Louis de Valois woke in the dead of the night. The dream he’d been sent, certainly by God, was a clear inspiration. It seemed to him that he was flying and, when he looked down, he could see the whole of the kingdom of England spread out beneath him, beneath the tips of his wings. He was a bird. Not just a bird. An eagle. And then, coming at him out of the sun, was another eagle—huge, fierce, screaming. But he had fought that eagle and, though he himself had been almost mortally wounded, in the end he had found his opponent’s weakness. With a last slash of his beak he had ripped the enemy’s breast until it dripped blood to the earth far, far below. With a last defiant scream, his adversary had plummeted away, falling, fluttering, its life so clearly ebbing as it fell…
“Light! Light!”
Alaunce Levaux scrambled up from his truckle bed, which lay across the door of the king’s chamber. He’d taken a long time to get to sleep because the rushes were old, smelly, and lousy with fleas from the king’s dogs, and they were heaped up far too close to his face. And now, finally, just as he’d been visited by oblivion…
“I’m here, master; here I am.”
Levaux always slept fully dressed. He’d learned from long experience that his master woke from restless sleep very often and he was heartily sick of the embarrassment—and the cold—of waiting on the king night-naked. It was the work of a moment to strike flint and light the candle he kept ready in a silver dish beside the king’s bed.
The king snorted; his impatience was caustic. Levaux was getting old. And slow. Just like his master.
“Get me the monk.”
Levaux was fuddled with the rags of sleep. “The monk, Your Majesty? Which…?”
The king roared, “The monk! Agonistes. I want Brother Agonistes. Now!”
That tone of voice meant many things: death, destruction, bad digestion. Levaux fled the room like a wraith but Louis’s words followed him. “He’s to go to the court of that usurper. Tell him that! I want information, do you hear? Information! There must be a way to wound that regicide, to hurt him where he least expects to be hurt. The monk will find a way. He’s to leave tonight. Immediately. Go! Do this or remember well the cage, Levaux. Remember the cage!”
Levaux scuttled away. He would do his master’s bidding, certainly he would, but the king was clutching phantoms to his breast for comfort. It was high summer in France but the world had turned dark for Louis, as everyone at court now knew. Certainly, a fragile three-month truce was in place with Burgundy—but that was only because Louis’s dreams of influence over the destiny of England had disappeared with Warwick’s death and the defeat of his cousin, Queen Margaret. Louis was nothing if not pragmatic.
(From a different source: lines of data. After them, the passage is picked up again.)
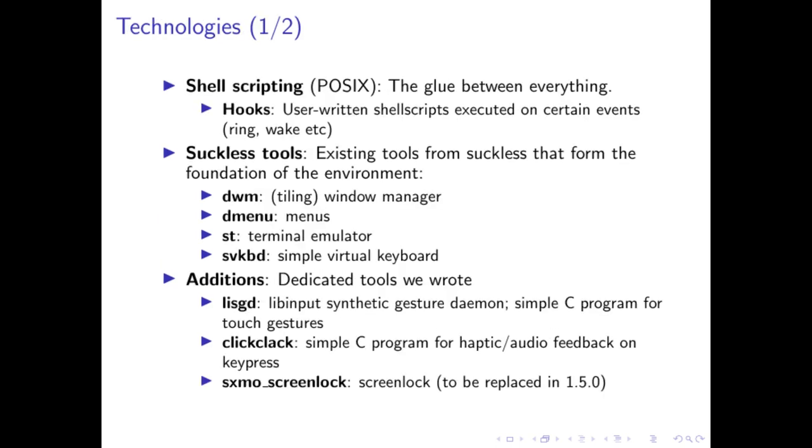Here is the technology that we use for SXMO. Basically, we use a lot of shell scripting. These handle everything from notifications to receiving calls to sending calls to receiving texts, all the text interface. The proximity sensor is handled via shell script as well as the auto rotation.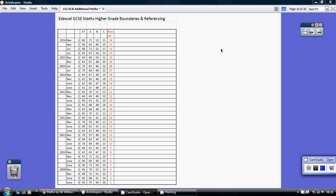So this schedule does a couple of things. Firstly, and I guess most importantly, it gives you the grade boundaries for the EdExcel GCSE over the last six or seven years.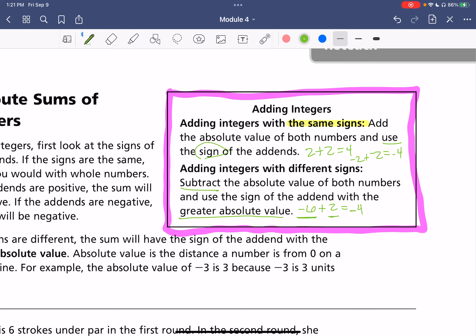If we had negative eight plus four, we subtract — ignore the negatives — eight minus four is four. Then negative eight is farther away from zero, so we're going to use our negative sign here.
But what could the monk do in the face of such events? What difference could he possibly make if he went to the court of King Edward in England? Levaux shook his head as he stumbled through the darkened palace. He hated nights like this. He would have to wake le Dain, and the barber loathed being woken in the night—it made him frightened. And fear made the king’s chief confidant savage.
Omens. Very bad omens everywhere. Especially since he, and he alone, knew the secret that le Dain was hiding from the king. No doubt it would come out, in time, then… Heaven protect them all. Meanwhile, he would keep his head down and do what he was told. Obedience might save him for a little while longer, God willing.